Parce que pour les uns il est disqualifié pour avoir été dix mois durant à côté de Gueï. Alors que pour les autres, il se laissera manipuler par Gbagbo comme celui-ci l’a fait pendant et après le Forum pour la réconciliation nationale (octobre-décembre 2001), dont il lui avait confié la présidence. À les entendre, Diarra serait plus un homme sous influence qu’un homme d’influence capable de donner toutes ses chances à la transition. Reste que c’est lui, l’enfant de Katiola, où il a vu le jour le 23 novembre 1933, qui fait l’unanimité auprès des différents acteurs de la crise ivoirienne. Alassane Ouattara l’appelle « tonton », Henri Konan Bédié le connaît depuis leurs années d’étudiants en France. Laurent Gbagbo se souvient toujours qu’il fut l’un des rares à lui rendre visite lorsque la police le traquait. C’est un homme de consensus qui a depuis longtemps abdiqué toute ambition politique, mais qui peut entrer dans l’arène sans y déchoir.
Le courant passe entre lui et le chef de l’État, dont il est un familier. Dès les premières semaines de son arrivée aux affaires, Gbagbo devait confier à cet ingénieur agronome rompu aux affaires, ancien ambassadeur au Brésil, à Bruxelles puis à Londres, des missions discrètes à New York et à Washington pour plaider, notamment auprès des bailleurs de fonds, la cause du pouvoir. Comme il lui demandera de prendre la tête du Forum pour la réconciliation nationale pour essayer d’exorciser les traumatismes de la transition militaire et de l’avènement du nouveau régime.
La tâche est ardue et l’enjeu suffisamment important pour que d’octobre à décembre 2001, Diarra arbore l’habit du confesseur, à moins que ce ne soit celui du psychanalyste. Il entend tout le monde et parvient à obtenir la participation effective des principaux leaders politiques, à force d’entretiens avec Gueï alors « hors la République », mais aussi avec l’ancien président Henri Konan Bédié et l’ex-Premier ministre Alassane Ouattara, tous deux réfugiés à Paris. Il réussit même, à l’issue du Forum, à réunir, le 22 janvier 2002 à Yamoussoukro, Gbagbo, Bédié, Gueï et Ouattara pour qu’ils s’entendent sur les quatorze résolutions qu’il avait soumises, quelques semaines plus tôt, à l’appréciation du chef de l’État.

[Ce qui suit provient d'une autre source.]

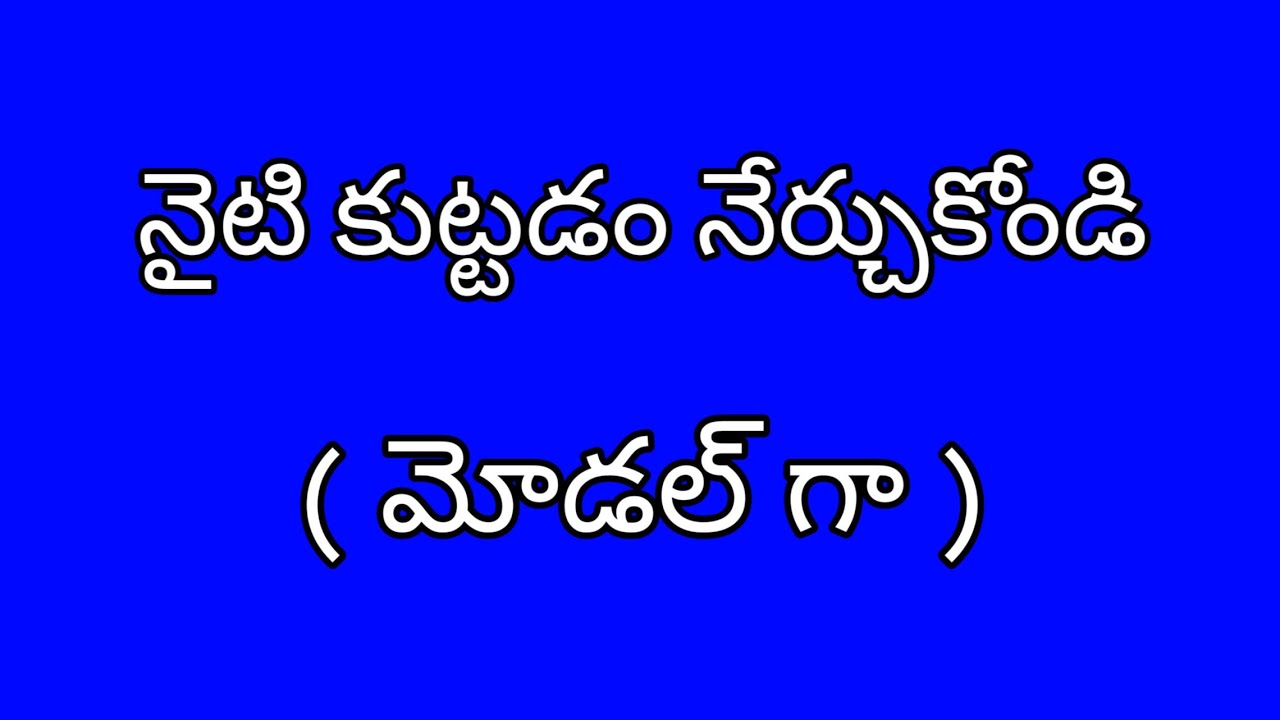 Model Nighty cutting and stitching in Telugu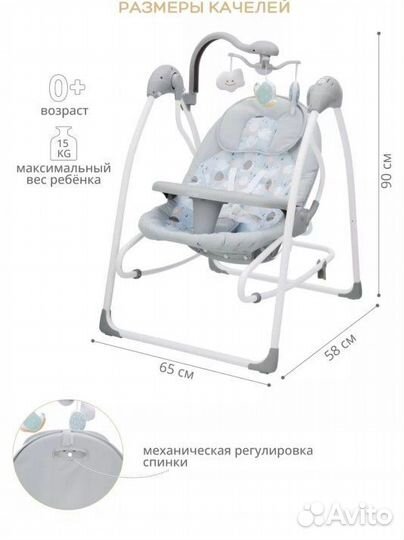 Детские качели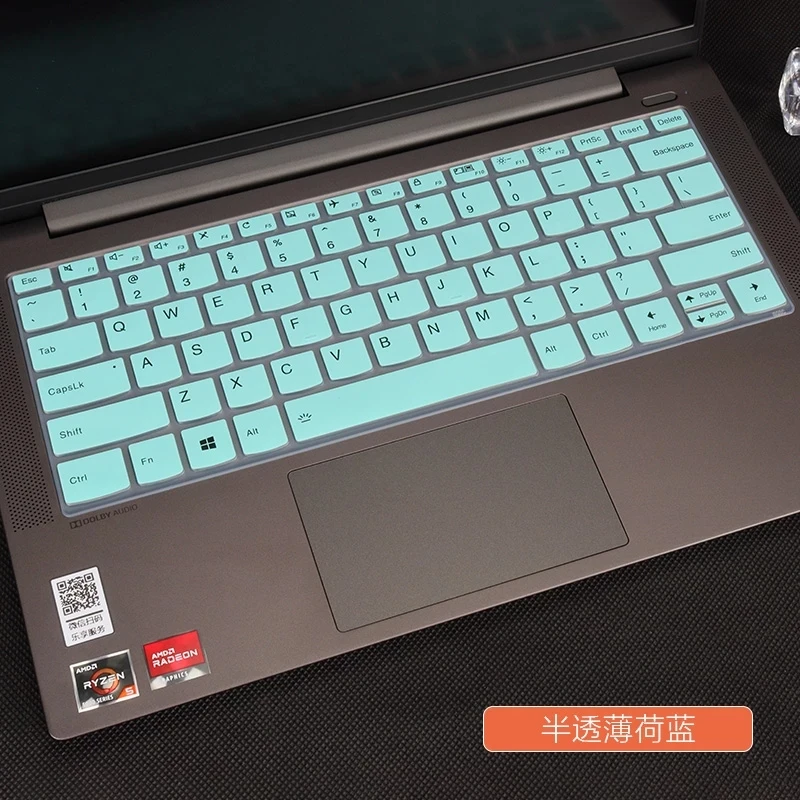Premium 14 Silicone Laptop Keyboard Cover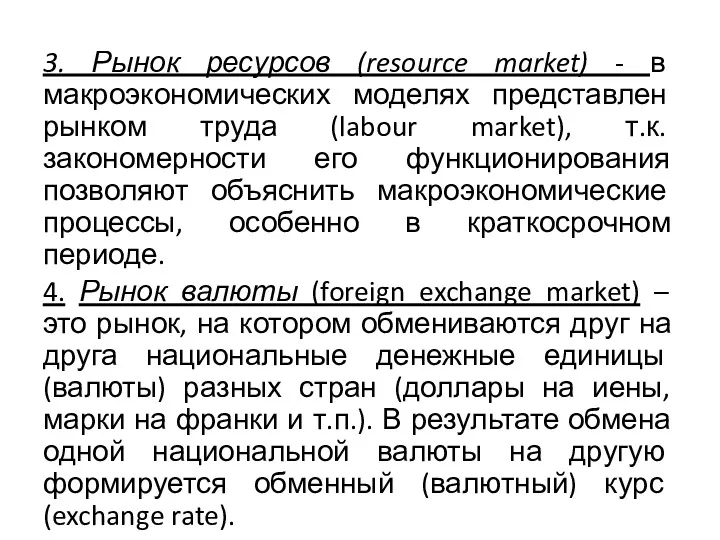 3. Рынок ресурсов (resource market) - в макроэкономических моделях представлен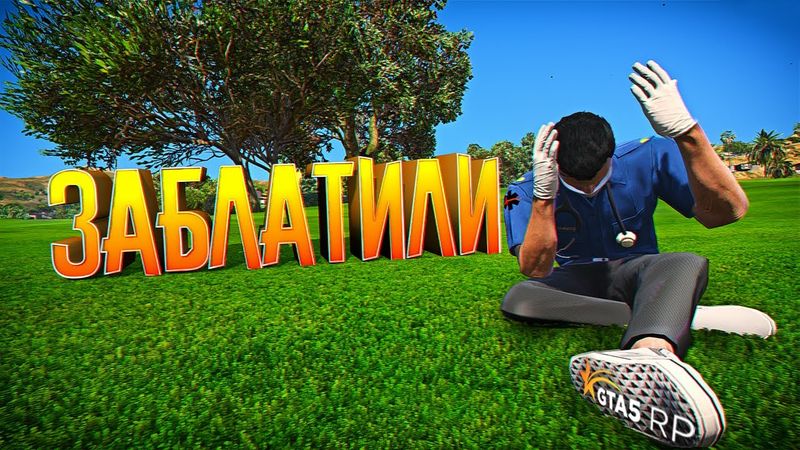 НАС ВСЕХ ЗАБЛАТИЛИ В EMS НА GTA 5 RP BURTON | ЗАРАБОТОК И МЕД КАРТЫ В ЕМС НА ГТА 5 РП БЕРТОН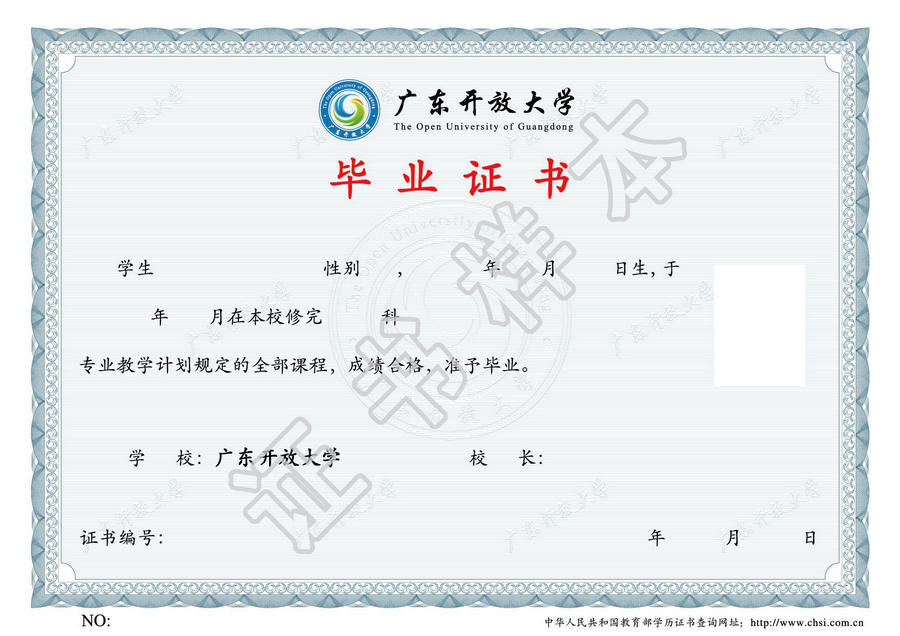 广东开放大学文凭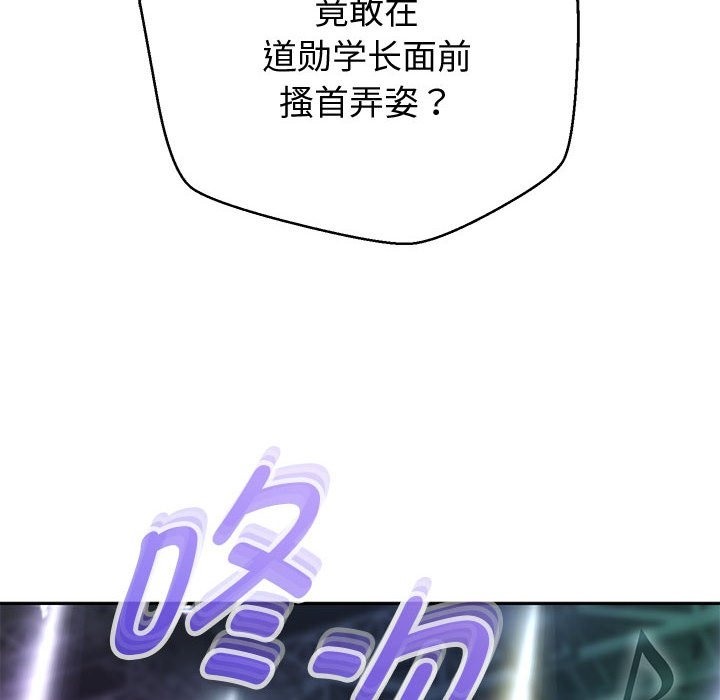 韩漫H漫画 重生之长枪无敌  - 点击阅读 第22话 16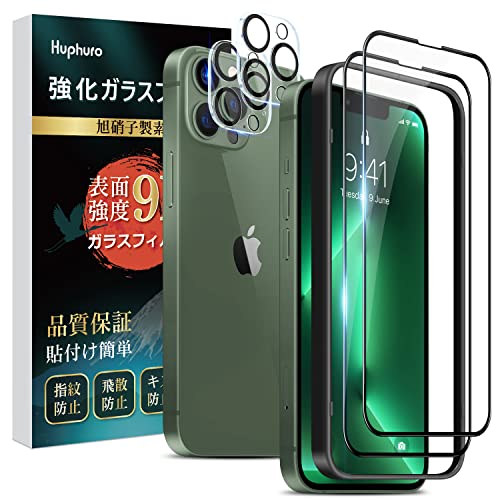 Amazon.co.jp: Huphuro iPhone 13 Pro Max ガラスフィルム【2枚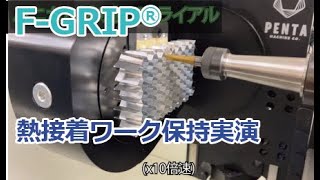 「FGRIP」熱接着シートでワーク保持実演！JIMTOF2024出展製品 [upl. by Zetrauq]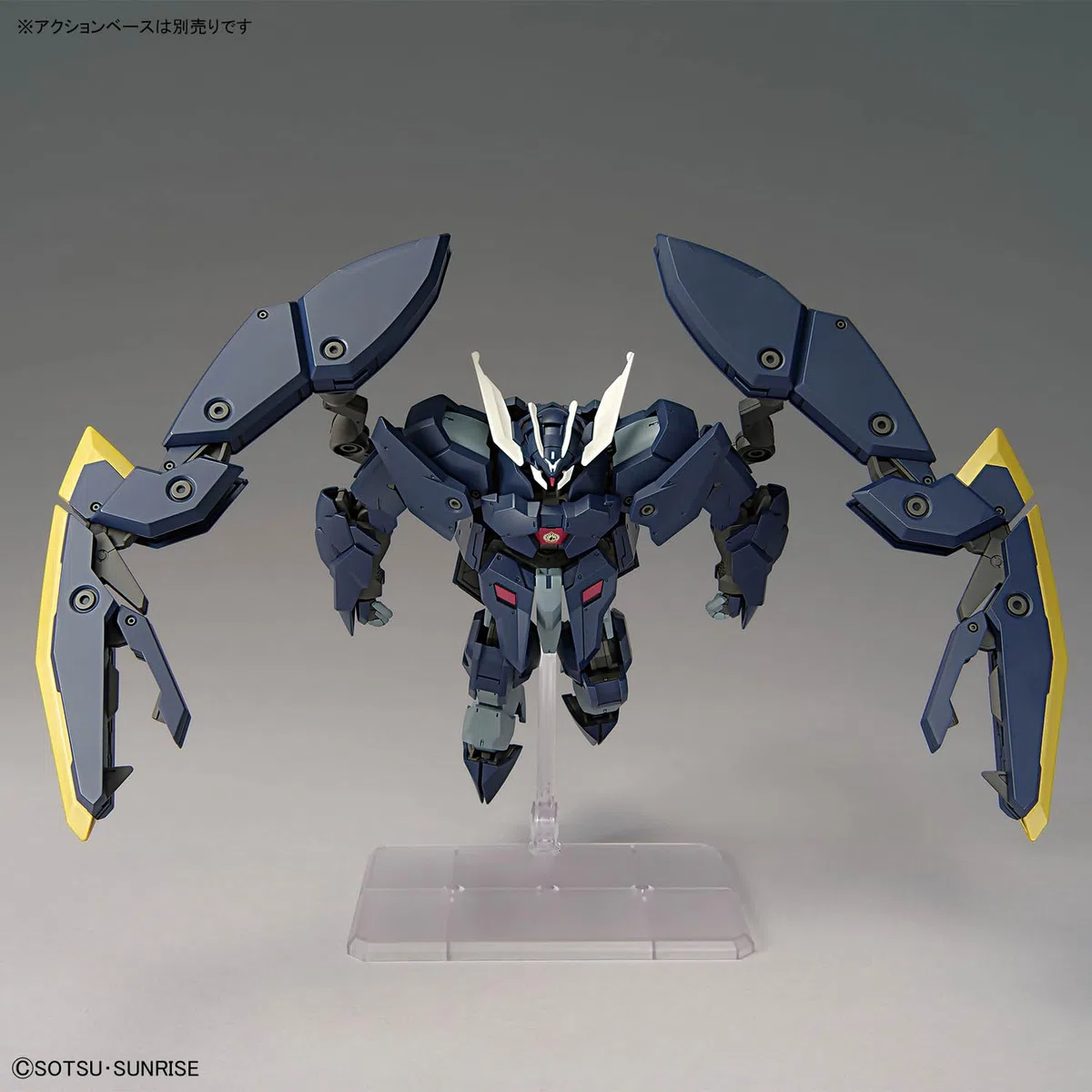 Bandai Spirits HG Mobile Suit Gundam Gundam Zagan - Tuta per orfani a sangue di ferro, scala 1:144, modello in plastica con codice colore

Il ne sortira rien ou presque du conclave des quatre. Et Diarra de vérifier ses craintes confiées dès septembre 2001 à J.A.I., à la veille de l’ouverture du Forum : « Si le Forum échoue, s’il ne débouche pas sur un véritable pacte républicain, alors j’aurai peur pour mon pays. » Propos prémonitoires qui le ramènent aujourd’hui à la barre pour conduire un gouvernement de « réconciliation nationale » sur lequel ses compatriotes fondent tous leurs espoirs.